The FAA has issued the first conditional approval for a Vertiport at Allen C. Perkinson Blackstone Army Airfield (KBKT), in Blackstone, Virginia, creating a path for the airport to establish the first licensed public-use Vertiport in the US.

NAVOS Air, a Virginia-based air navigation services company, was the proponent of the Vertiport, as part of a project funded by the Virginia Innovation Partnership Corporation (VIPC) through the Virginia Commonwealth Center of Innovation for Autonomous Systems (C2IAS) grant program.

Blackstone Army Airfield (KBKT) is a dual-use airport for military and civilian flight operations. After it is licensed by the Virginia Department of Aviation, the Vertiport will be established and used as part of research on an end-to-end concept of operations NAVOS Air developed based on modifying and designing terminal instrument procedures and enroute infrastructure specifically for Uncrewed Aircraft System (UAS) and AAM uses, with Vertiports serving as anchors to that system.

NAVOS Air technical director Matt Burton said: “Leveraging existing approved infrastructure methods modified for new use cases and research applications will enable AAM operations sooner while providing opportunities to inform the development of future air traffic management systems and facilities. Designating Vertiports is part of the beginning of real progress towards enabling AAM.”

NAVOS Air was the proponent of the Vertiport as part of a research project using an Uncrewed Aircraft System (UAS) to represent larger AAM vehicles for instrument flight operations research.

These special instrument procedures have the potential to deliver UAS/AAM to airport locations, off-airport locations, and newly established Vertiports. Additionally, they will facilitate the integration of emerging airspace users with legacy users, while maximising the efficiency and safety of airspace in this new era of aviation.

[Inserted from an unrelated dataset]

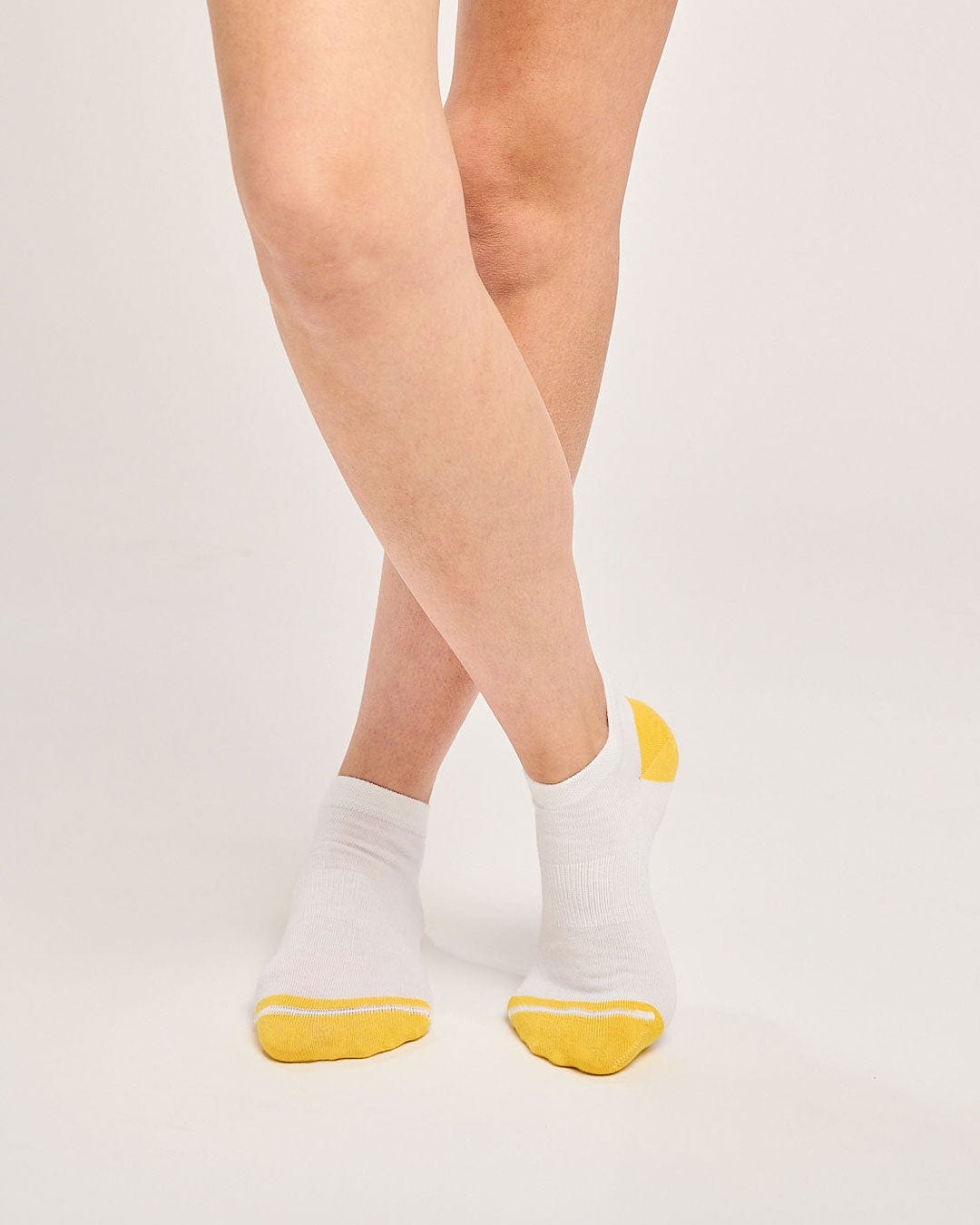 Ecofriendly white trainer running socks. Unisex socks for running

During its research, NAVOS Air also analysed designating a heliport to be served by instrument procedures that were optimised for UAS operations. This allowed NAVOS Air to quickly work with the FAA when the guidance for Vertiport design was released in late 2022 to gain approval for the first Vertiport and take the next step to enabling AAM.

Virginia Department of Aviation director Greg Campbell added: “We congratulate VIPC, Navos and the airport sponsor on their efforts to create the first public-use vertiport in the commonwealth. This development aligns with Virginia’s established role as a leader in the development of unmanned systems and emerging technologies.”

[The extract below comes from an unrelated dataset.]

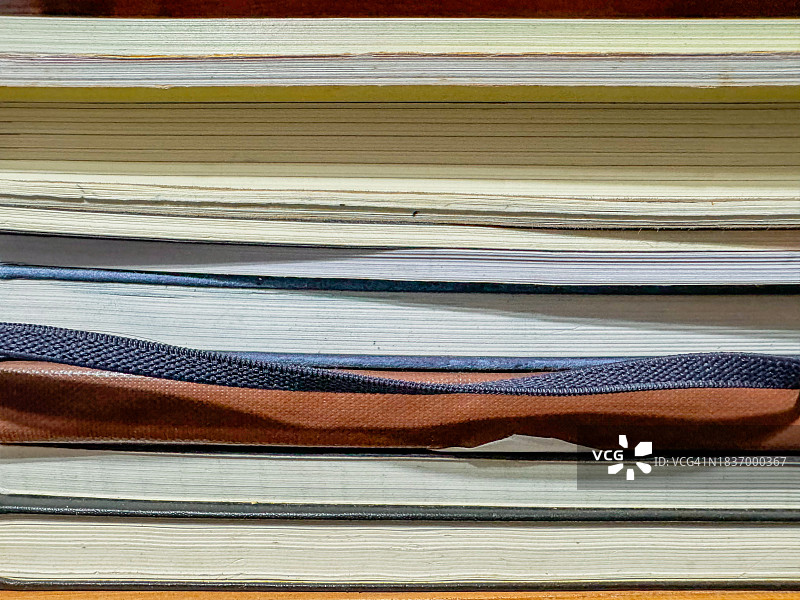 堆叠的书籍图片素材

The project was conducted with the Virginia Tech Mid-Atlantic Aviation Partnership (MAAP), which provided airworthiness review and flight authorization. UAV Pro enabled operations and safety management at Blackstone Army Airfield. Textron Systems operated the Textron Aerosonde UAS for the project’s flight tests.

VIPC established C2IAS in collaboration with Virginia Tech University and Old Dominion University for advancing unmanned systems technology. Its mission encompasses commercialising existing research, facilitating the creation of new companies, promoting applied research in unmanned systems, and driving substantial capital investment and job creation within the state of Virginia.

Tracy Tynan, director of the Unmanned Systems Center at VIPC concluded: “Providing funding for the NAVOS Air Vertiport project is a prime example of the impact C2IAS has made to drive innovation in Virginia.

“The Virginia Unmanned Systems Center at VIPC is a valuable resource for nurturing startup ventures and supporting cutting-edge research that continue building on the state’s national leadership in unmanned systems.”

Earlier this year, VIPC conducted an economic impact study with NEXA Advisors of McLean that projects the AAM industry in Virginia has the potential to generate $16 billion in new business activity and create more than 17,000 full-time jobs in the aerospace and supporting industries during the next 23 years.

By 2045, it is anticipated that over 7.7 million passengers annually, which is equivalent to more than 21,000 passengers per day, will travel in AAM aircraft within Virginia.